Ben McAdoo all over again.
An NFL game consists of around 150-170 plays, yet when it comes to the binary of win-loss, fans love to hone in on one play. The fan analysis of that single play not only changes whether they think they should have won or lost the game, but also changes their assessment of a coach’s acumen.
And although the execution of the play call is out of his control, the coach’s reputation is based on the result of the execution.
Think back to Russell Wilson Super Bowl interception at the 1 yard line.
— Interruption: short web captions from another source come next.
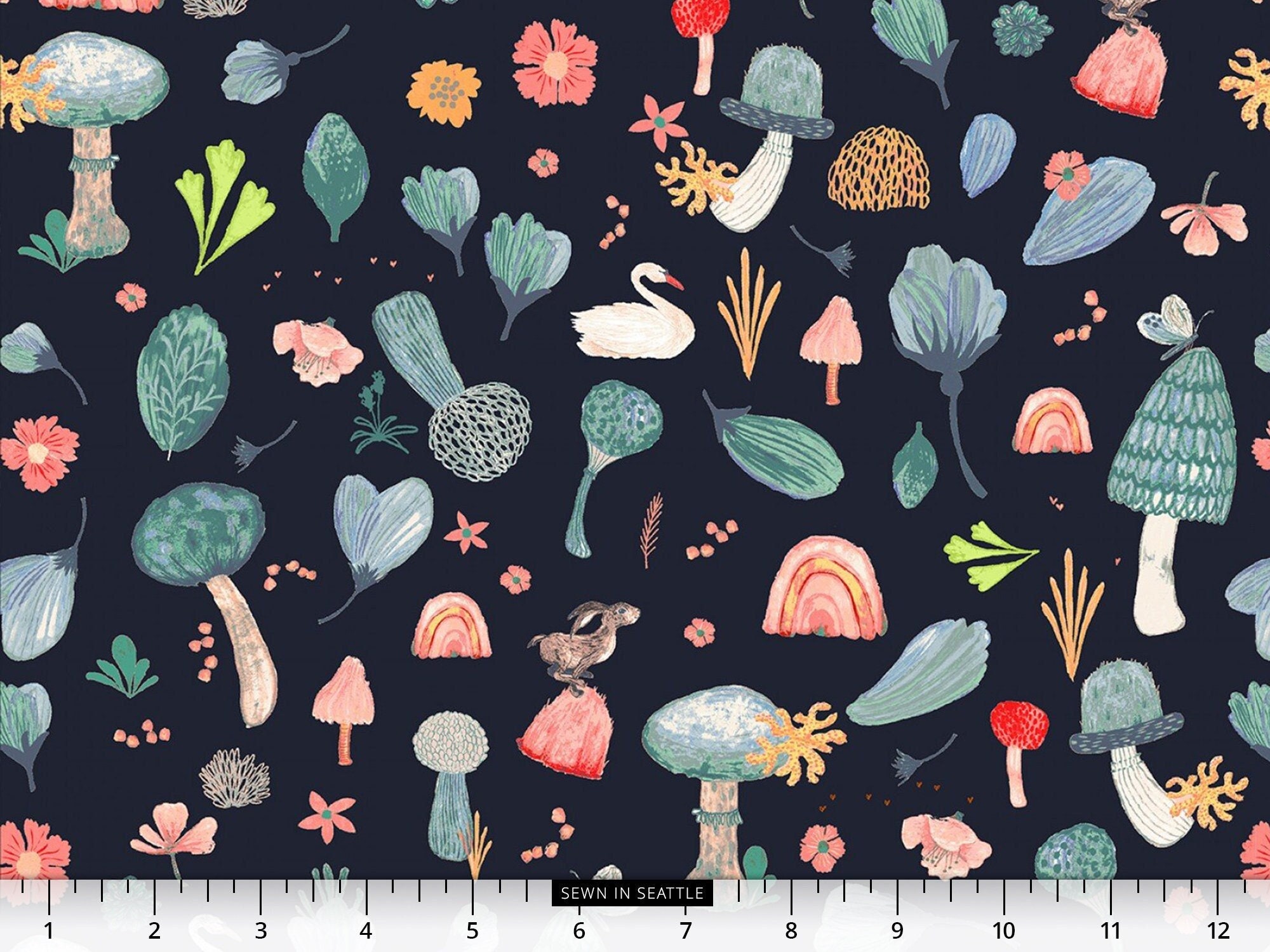 mushroom quilting fabric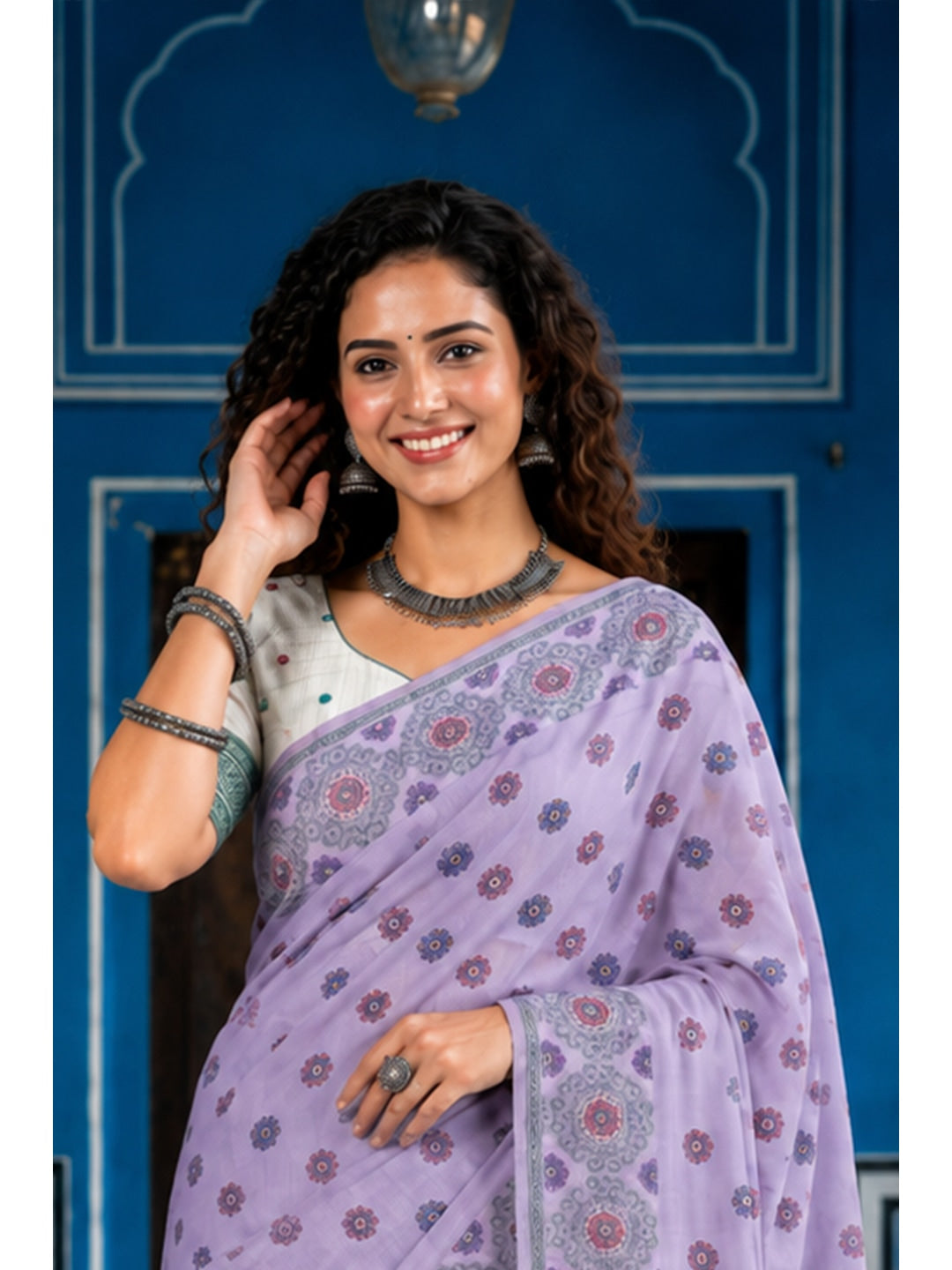 Peachmode Purple Cotton Blend Aananya Saree - Image 2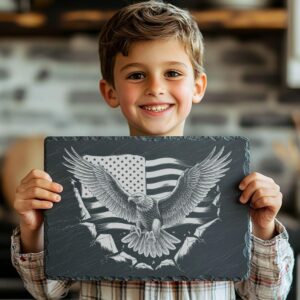 3D Eagle Flag Slate Cheese Board: Laser Engraving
If he doesn’t throw the interception and the ball harmlessly falls incomplete, we’re would never about Pete Carroll’s decision to throw rather than hand it off to Marshawn Lynch.
It’s a tough racket when play call and execution go hand-in-hand. In the Giants case, if Graham Gano converts the chip shot, Giants fans aren’t talking about Daboll’s decision NOT to go for the guaranteed win by picking up 1 yard.
With minutes to go in the game, the Giants run-only scheme while conjoined with their likelihood of victory gave running and winning a causal, rather than correlative, connection. By maintaining this unconventional game plan to come out victorious, Daboll would have been hailed a genius. But because of the missed FG, the Jets were able to tie the game and in the ensuing overtime where Tommy Devito needed to pass, Daboll was exposed as an idiot for rostering a QB he doesn’t trust to throw the ball.
In a game that would have saved the Giants postseason hopes, the Giants at one point had a 99.9% win probability - same percentage as the Miracle at the Meadowlands.

With 30 seconds left, Giants had a 99.9% chance to win.
As for all Giants fans, I hope you feel better knowing that this was the precursor to tanking for USC quarterback Caleb Williams. Considering the Giants had -9 passing yards, I can think of a better way to start the tank.
Honestly….. what the f@%k was the point of this game?
Was it puppeteered by football gods - affably laughing at New Yorkers’ pain? Or was it conjured from demonic entities reminding us collectively that despite a recent playoff berth and an Aaron Rodgers signing, we’re still deep into football hell.
Did this matchup - which only occurs every four years - need to feature a torrential downpour? And for that downpour to expose the dangerous wet turf of MetLife leading to a medley of injuries worthy of Gone With the Wind. For the Giants to send their QB to the hospital and replace him with a guy who shouldn’t be in the NFL…. no one deserves that, not even Patriots fans.
For a city featuring teams with the two worst records since 2016, whose combined best QB since Eli Manning was Mike White, we should have been spared this abomination - this reminder of how the mighty have fallen.
God only knows how I’d feel if the Jets lost. But now that I’ve processed this is in writing, I never want to speak of that game again.